November 10, 2011 by Peter Lowry

Interim Liberal Leader Bob Rae spoke to the Economic Club of Canada in Toronto this Wednesday.  We know it was a Liberal speech because he quoted Wilfrid Laurier.  Anyone looking for a liberal insight into solving the current world economic situation was bound to be disappointed.

The last lesson in economics that Rae ever listened to was from Thomas d’Aquino, when d’Aquino headed up the Business Council on National Issues in the 1990s.  At the time, Bob Rae was the New Democratic Premier of Ontario.  After listening to d’Aquino, Bob Rae soon became the ex-premier of Ontario.  He tried to sell his Social Contract to NDP supporters and they turned on him.

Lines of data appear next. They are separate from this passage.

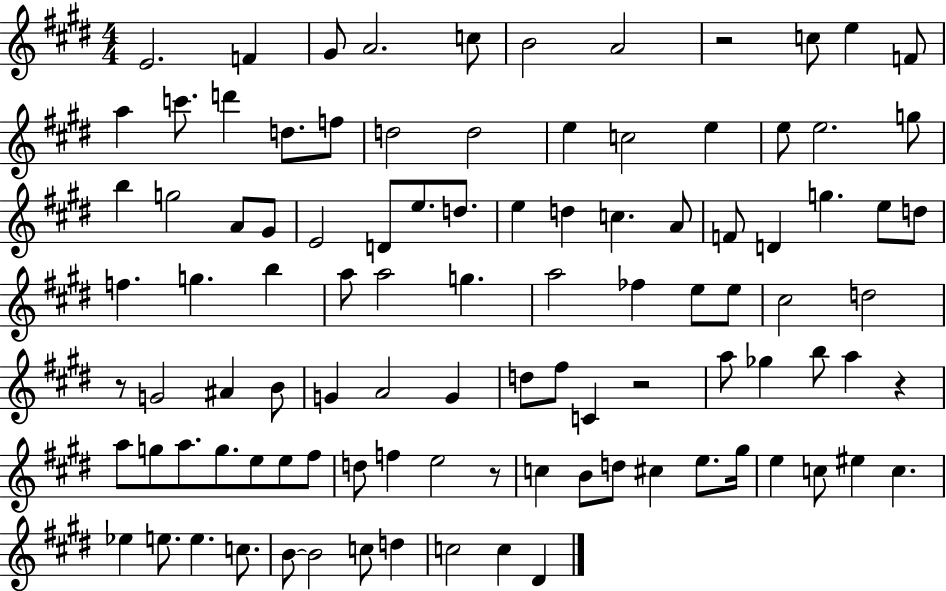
{
  \clef treble
  \numericTimeSignature
  \time 4/4
  \key e \major
  \repeat volta 2 { e'2. f'4 | gis'8 a'2. c''8 | b'2 a'2 | r2 c''8 e''4 f'8 | \break a''4 c'''8. d'''4 d''8. f''8 | d''2 d''2 | e''4 c''2 e''4 | e''8 e''2. g''8 | \break b''4 g''2 a'8 gis'8 | e'2 d'8 e''8. d''8. | e''4 d''4 c''4. a'8 | f'8 d'4 g''4. e''8 d''8 | \break f''4. g''4. b''4 | a''8 a''2 g''4. | a''2 fes''4 e''8 e''8 | cis''2 d''2 | \break r8 g'2 ais'4 b'8 | g'4 a'2 g'4 | d''8 fis''8 c'4 r2 | a''8 ges''4 b''8 a''4 r4 | \break a''8 g''8 a''8. g''8. e''8 e''8 fis''8 | d''8 f''4 e''2 r8 | c''4 b'8 d''8 cis''4 e''8. gis''16 | e''4 c''8 eis''4 c''4. | \break ees''4 e''8. e''4. c''8. | b'8~~ b'2 c''8 d''4 | c''2 c''4 dis'4 | } \bar "|."
}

As economics and socialism are not compatible sciences, Bob Rae became a Liberal and offered to replace Paul Martin as Liberal leader in 2006.  The road from Martin to Rae was fraught with too many hurdles and Rae came third to Dion and Ignatieff.  When he won a seat in Parliament in 2008, he again put his name forward for the leadership but the party executive chose Michael Ignatieff.  When Ignatieff’s leadership garnered fewer seats than the NDP in the 2011 election, Rae won the interim leadership by default.

But being interim leader does not guarantee instant liberal wisdom.  It did him little good to heap praises on Paul Martin’s management of Canada’s books in the 1990s.  Martin balanced the country’s books on the backs of the poor, the unemployed and by cutting provincial transfer payments.  While he was at it, Martin burned the red book and blocked all the liberal promises of the Chrétien Liberals.  Some role model!

Rae’s speech in Toronto called for a simpler, clearer tax code.  And he wants to have a comprehensive review of tax spending to make sure we are getting value for the money.  He does not think we are right now. You can hear that in any Conservative economic speech.

Rae complains that the Liberals find they are competing with two other parties with simplistic messages.  Bob needs to keep thinking.  Eventually, he will come up with some simplistic messages for us.

It was very much a kitchen sink type of speech.  There were not many economic clichés left out.  One good idea that was lost in the speech said we had to support innovation.  It was too bad that Rae had no idea how to do that.  Instead of beggaring our municipalities with debt through infrastructure programs, Canada should have realized that it could shovel more liquidity through the economy faster by a mix of programs that put money in the hands of entrepreneurs.  You do not do that through tax credits alone.